Cleveland Metroparks Naturalist Marty Calabrese says January is “primetime” to spot these incredible raptors, in part because of their predictable presence, which varies year-to-year.
Their seasonal arrival puts bird watchers on high alert, as a new year provides a fresh slate to record these arctic wonders.
“Snowy owl sightings have been thin, but steady, coming from Burke and Hopkins airports,” Calabrese said.
Cleveland photographer Gabe Leidy spotted a snowy owl while finishing up a six mile kayaking trip in Cleveland on Dec. 28.
If you want to spot these birds, Calabrese said he takes his children near Burke Lakefront Airport for a great vantage point. Those interested can drive along North Marginal Road, accessed from East 9th Street, to gate 11 or 12 for a chance to see a snowy owl perched along the shoreline.
"Peering north across the Burke runways, you have a good chance of spotting a two-foot-tall beast of an owl at ground level," Calabrese said. "This wide-open habitat mirrors their arctic tundra breeding and hunting grounds. If your owl prowl is a fail, the occasional plane launch and landings can also impressive for kids young and grown."
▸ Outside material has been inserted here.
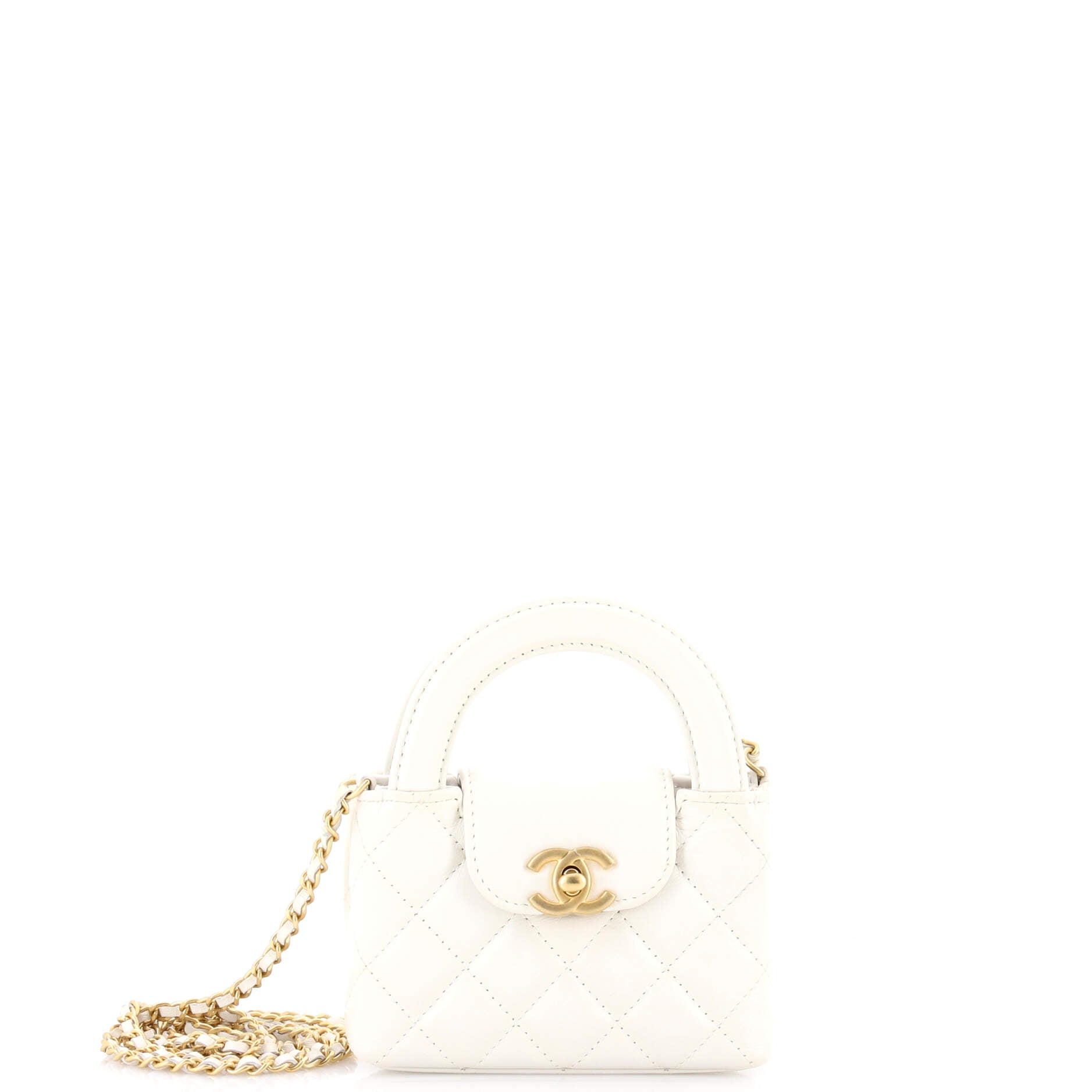 Kelly Top Handle Shopping Bag Quilted Shiny Aged Calfskin Nano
The largest irruption, a phenomenon that happens when snowy owls come flooding down from the north to a specific area, in the Northeast and the Great Lakes regions in a century was during the winter of 2013-14, according to data from Project SNOWStorm , a group dedicated to tracking snowy owls. Smaller irruptions happen, on average, every four or five years, with mega-irruptions happening once or twice in a lifetime.
The seasonal distribution of snowy owls is dictated not only by the day-to-day weather but by what food is available.
Calabrese said because lemmings— the snowy owl prey supply— are plentiful in their wintering grounds this year, there is no reason for them to travel south to Cleveland for food. Lemmings, usually found near the Arctic in tundra biomes, resemble a rodent between a mole and a muskrat.
If you hear of a viewable snowy owl, naturalists like Calabrese encourage you to get outside and see it from a respectable distance.